So why, then, does it seem like a 23-year-old reliever who just posted a 4.59 ERA -- when he wasn’t being optioned to Triple-A three times -- who is wildly less famous than most of his teammates, is such an important cog in the otherwise pristine Dodgers machine?

That’s because longtime closer Kenley Jansen is off to Atlanta, and it’s because Brusdar Graterol, despite that relatively unimpressive 2021, looks like he might be something really special.

Let’s start with this: Despite what that 4.59 ERA might have said, in October, against the best competition, Graterol was fantastic. In eight games against the Cardinals, Giants and Braves, he faced 33 batters. Only four reached, all on singles, one of which was a broken-bat job that might have had a little to do with Justin Turner being worried about getting impaled by what was left of Kris Bryant’s stick.

He was so good, in fact, that of the 48 pitchers who threw at least 75 pitches last October, only one of them was more effective than Graterol -- his now ex-teammate, Jansen. (wOBA is similar to on-base percentage, just adjusted to account for extra-base hits, or lack of them.)

At first glance, it might not be hard to see why, because Graterol, acquired two years ago from the Twins in the deal that sent Kenta Maeda north, throws hard. Really, really hard. Last October, every pitcher in the playoffs combined to throw 74 pitches at 100 mph or more. Graterol alone was responsible for 59 of them. (Nearly two-thirds of the pitches he threw touched triple digits.) So far as playoff flamethrowing goes, it was a borderline unprecedented performance:

Plus, some of those 100-plus mph sinkers did ridiculous things, like this:

But even in that great October performance, Graterol didn’t miss bats, striking out only seven of those 33, or 21% -- and two of those came against a pitcher, San Francisco's Logan Webb. So far in five appearances this spring, it’s been more of the same; Graterol has allowed just one hit, a single, to the 13 batters he’s faced. Again, no walks, no damage. Yet he’s also struck out only three, despite the heat.

So now you’re thinking, sure he throws hard, but he doesn’t miss bats, and he had the 4.59 ERA, and the trips to the Minors, and the relatively unimpressive career mark of 6.8 strikeouts per nine, or 18% of batters faced, and it’s all true. He’s not terribly likely to become a Josh Hader or Kimbrel type, mowing down hitters who have little chance to make contact.
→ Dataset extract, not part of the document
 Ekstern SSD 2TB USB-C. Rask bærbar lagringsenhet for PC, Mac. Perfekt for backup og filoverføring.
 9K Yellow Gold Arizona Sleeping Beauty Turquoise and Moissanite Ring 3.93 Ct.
The Dodgers, surely, would like to see strikeouts, because strikeouts never become walks, and they never become extra-base hits. But what we’re learning about Graterol is that while what he does might become singles, they don’t become walks or extra-base hits, either. Between this spring and last postseason, Graterol has faced 47 consecutive hitters without allowing a walk or an extra-base hit.

And that is because he’s one of the most difficult pitchers in baseball to square up, as those uncomfortable plate appearances show you, and because his sinker moves so much, so fast, that it dips back into the zone before batters even know what’s happening.

Let’s quickly dip into the math, here, into Graterol’s two seasons with the Dodgers, combining regular season and postseason to realize what’s happening.

  • Among the 454 pitchers who have had at least 300 pitches arrive without being swung at, only five have a higher called strike rate than Graterol’s 38.4%. That’s 99th percentile.
  • Among the 311 pitchers who have allowed at least 200 batted balls, only a dozen have a higher ground-ball rate than Graterol’s 58.6%. That’s 96th percentile.
  • Among the same 311 pitchers, only five have a lower barrel rate allowed than Graterol’s 3.6%. That’s 99th percentile. (What’s a barrel? It’s the perfect combo of exit velocity and launch angle, which is another way of saying Graterol almost never allows hard-hit balls in the air, which is where real damage comes from. It’s the metric Joey Votto says he wants to lead baseball in.)

The whole package is reminiscent of Cleveland’s Emmanuel Clase, who also throws a cutter north of 100 mph, avoiding walks and loud contact, but who also doesn’t pile up the absurd strikeout numbers you’d expect.

The difference, though, is that Clase had a 1.29 ERA last year, and Graterol did not. Until, of course, the playoffs. So what changed?

“One thing we understand that Kenley Jansen left behind,” said the Dodgers’ SNLA broadcast during Wednesday’s game against the Guardians, “was the instruction of his cutter to Brusdar Graterol, trying to add to his arsenal.”

True enough. Graterol returned from the Minors in September with a new weapon, a cutter that averaged 95.3 mph, fitting right into that velocity gap between the 100 mph sinker and his 88.1 mph slider. It wasn’t, by itself, a terribly effective pitch, though he threw it only 39 times in the regular season. It did at least give hitters another thing to think about.

But perhaps more important than the new pitch was what he did to his primary ones. The slider Graterol featured at the end of the season had a ton more horizontal break, up to 10 inches worth:

This is no accident at all; this is the sweeping Dodgers slider that is being seen across baseball. (Jimmy Nelson, Treinen and Walker Buehler had three of the 10 sliders with the most horizontal movement last year.)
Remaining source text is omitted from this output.